Only the number is wanted: state how many lines of the data below contain the word "Women".
▬▬▬
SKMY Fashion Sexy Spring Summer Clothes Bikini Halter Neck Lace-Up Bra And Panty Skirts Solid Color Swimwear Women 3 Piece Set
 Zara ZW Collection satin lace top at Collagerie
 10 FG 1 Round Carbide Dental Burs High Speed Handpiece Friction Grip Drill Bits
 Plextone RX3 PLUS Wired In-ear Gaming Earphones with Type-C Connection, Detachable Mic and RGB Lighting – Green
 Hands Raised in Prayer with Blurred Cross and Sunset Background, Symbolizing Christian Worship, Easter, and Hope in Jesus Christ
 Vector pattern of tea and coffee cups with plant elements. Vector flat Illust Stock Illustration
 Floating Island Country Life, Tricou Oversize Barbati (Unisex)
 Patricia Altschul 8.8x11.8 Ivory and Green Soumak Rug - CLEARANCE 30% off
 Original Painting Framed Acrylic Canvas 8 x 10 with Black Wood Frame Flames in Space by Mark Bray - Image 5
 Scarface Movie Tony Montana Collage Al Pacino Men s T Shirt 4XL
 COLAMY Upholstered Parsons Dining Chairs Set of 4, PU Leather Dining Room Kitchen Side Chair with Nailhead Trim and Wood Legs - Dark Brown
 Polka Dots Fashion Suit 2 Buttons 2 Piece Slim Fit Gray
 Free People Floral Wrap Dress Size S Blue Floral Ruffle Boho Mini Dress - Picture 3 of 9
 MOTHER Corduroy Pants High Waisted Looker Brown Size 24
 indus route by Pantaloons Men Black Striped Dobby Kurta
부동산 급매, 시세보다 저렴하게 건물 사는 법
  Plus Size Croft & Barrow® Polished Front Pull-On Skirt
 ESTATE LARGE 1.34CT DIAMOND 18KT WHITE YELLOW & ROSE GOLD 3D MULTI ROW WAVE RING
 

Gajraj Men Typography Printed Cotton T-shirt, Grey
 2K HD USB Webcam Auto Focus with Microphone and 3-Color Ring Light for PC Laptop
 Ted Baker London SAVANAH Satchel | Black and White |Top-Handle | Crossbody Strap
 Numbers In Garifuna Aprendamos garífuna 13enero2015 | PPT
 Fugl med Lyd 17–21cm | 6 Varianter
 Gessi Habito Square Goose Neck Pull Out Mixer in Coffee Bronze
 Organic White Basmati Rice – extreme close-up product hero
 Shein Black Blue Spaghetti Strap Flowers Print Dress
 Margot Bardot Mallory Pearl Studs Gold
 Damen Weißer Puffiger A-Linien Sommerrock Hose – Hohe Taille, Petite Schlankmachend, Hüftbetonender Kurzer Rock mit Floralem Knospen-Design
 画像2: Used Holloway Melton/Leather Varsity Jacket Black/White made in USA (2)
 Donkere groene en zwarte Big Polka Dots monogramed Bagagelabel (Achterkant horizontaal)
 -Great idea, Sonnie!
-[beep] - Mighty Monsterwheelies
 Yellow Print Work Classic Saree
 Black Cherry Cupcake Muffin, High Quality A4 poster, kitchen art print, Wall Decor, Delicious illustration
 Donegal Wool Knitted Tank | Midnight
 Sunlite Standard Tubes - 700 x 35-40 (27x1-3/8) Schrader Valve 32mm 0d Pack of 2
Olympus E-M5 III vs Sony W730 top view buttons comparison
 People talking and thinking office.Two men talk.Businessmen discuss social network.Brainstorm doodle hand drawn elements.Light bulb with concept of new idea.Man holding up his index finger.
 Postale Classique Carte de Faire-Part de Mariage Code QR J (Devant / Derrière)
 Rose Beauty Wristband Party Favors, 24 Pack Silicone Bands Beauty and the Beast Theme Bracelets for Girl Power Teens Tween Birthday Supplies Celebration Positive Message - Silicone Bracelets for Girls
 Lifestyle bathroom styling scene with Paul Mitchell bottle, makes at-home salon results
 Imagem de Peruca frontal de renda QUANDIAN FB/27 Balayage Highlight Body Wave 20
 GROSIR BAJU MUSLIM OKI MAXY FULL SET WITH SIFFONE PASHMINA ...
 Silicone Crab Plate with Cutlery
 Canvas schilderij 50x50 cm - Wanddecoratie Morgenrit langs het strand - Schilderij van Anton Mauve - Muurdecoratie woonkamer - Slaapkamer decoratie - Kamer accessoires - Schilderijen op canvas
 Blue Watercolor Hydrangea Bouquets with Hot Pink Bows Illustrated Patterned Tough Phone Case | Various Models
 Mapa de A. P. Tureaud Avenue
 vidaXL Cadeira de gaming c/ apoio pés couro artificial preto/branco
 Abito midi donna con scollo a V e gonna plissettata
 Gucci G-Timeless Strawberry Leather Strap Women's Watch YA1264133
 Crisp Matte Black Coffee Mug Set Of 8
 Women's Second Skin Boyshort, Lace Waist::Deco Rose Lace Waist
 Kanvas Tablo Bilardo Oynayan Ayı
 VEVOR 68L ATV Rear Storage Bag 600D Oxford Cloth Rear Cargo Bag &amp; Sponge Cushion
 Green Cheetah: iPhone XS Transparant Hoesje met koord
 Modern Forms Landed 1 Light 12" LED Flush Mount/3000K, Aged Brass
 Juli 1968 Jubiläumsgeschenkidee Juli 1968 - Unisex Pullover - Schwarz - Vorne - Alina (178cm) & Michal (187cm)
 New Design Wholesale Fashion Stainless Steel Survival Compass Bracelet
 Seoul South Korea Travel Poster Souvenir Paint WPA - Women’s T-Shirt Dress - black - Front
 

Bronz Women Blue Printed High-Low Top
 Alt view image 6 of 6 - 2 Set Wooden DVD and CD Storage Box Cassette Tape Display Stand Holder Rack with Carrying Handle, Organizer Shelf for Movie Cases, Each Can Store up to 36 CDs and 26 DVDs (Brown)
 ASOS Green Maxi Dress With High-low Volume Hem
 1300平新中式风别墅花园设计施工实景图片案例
▬▬▬
▶ [Response area]: 5